Please take the lines from the one holding "Golden Heart Pearl Curve Stud Earrings" through the one holding "Cat Mama T-Shirt" in the data below and copy them exactly.

__Record set__.
————
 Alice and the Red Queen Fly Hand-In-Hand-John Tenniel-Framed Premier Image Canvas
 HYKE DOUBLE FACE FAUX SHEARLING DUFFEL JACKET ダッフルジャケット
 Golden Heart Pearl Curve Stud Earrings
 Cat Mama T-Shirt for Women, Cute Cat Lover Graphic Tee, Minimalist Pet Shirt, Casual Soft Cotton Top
————
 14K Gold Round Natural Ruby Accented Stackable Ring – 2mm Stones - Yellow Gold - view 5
————
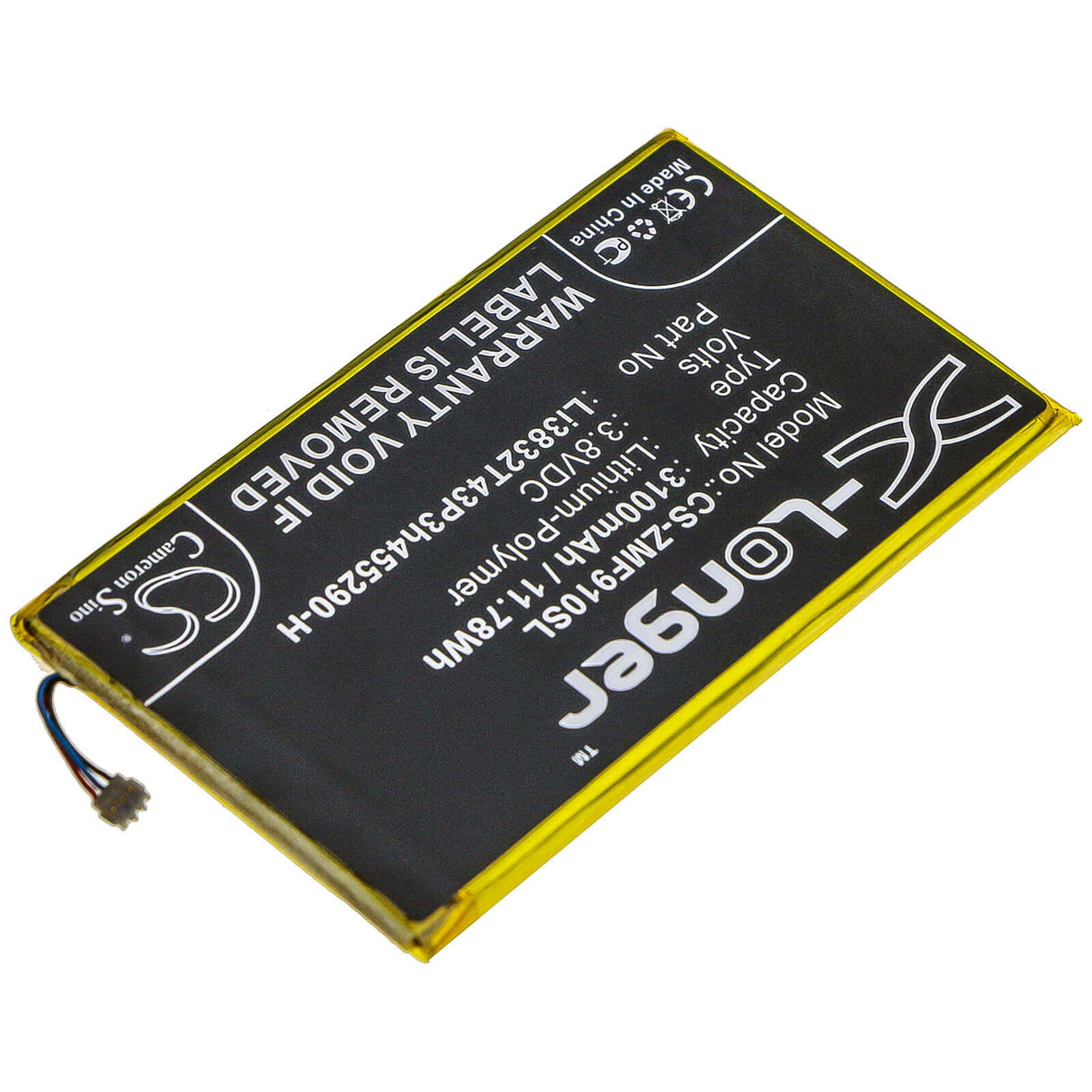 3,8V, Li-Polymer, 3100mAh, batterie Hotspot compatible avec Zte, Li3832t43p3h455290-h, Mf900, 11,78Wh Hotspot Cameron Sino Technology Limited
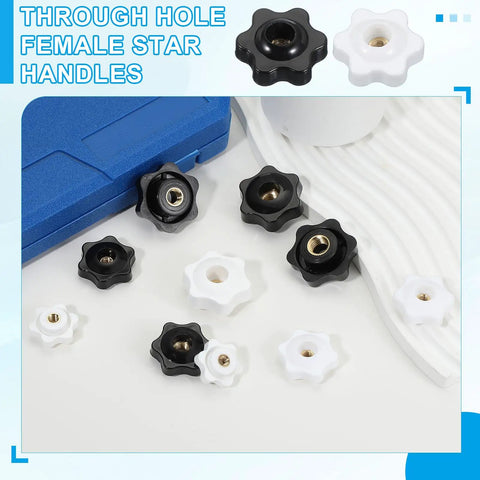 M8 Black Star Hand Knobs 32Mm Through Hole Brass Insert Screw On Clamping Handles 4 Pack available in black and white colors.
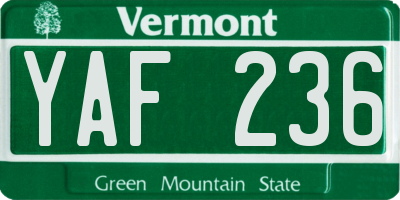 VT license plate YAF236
————
__Response below__.
 Golden Heart Pearl Curve Stud Earrings
 Cat Mama T-Shirt for Women, Cute Cat Lover Graphic Tee, Minimalist Pet Shirt, Casual Soft Cotton Top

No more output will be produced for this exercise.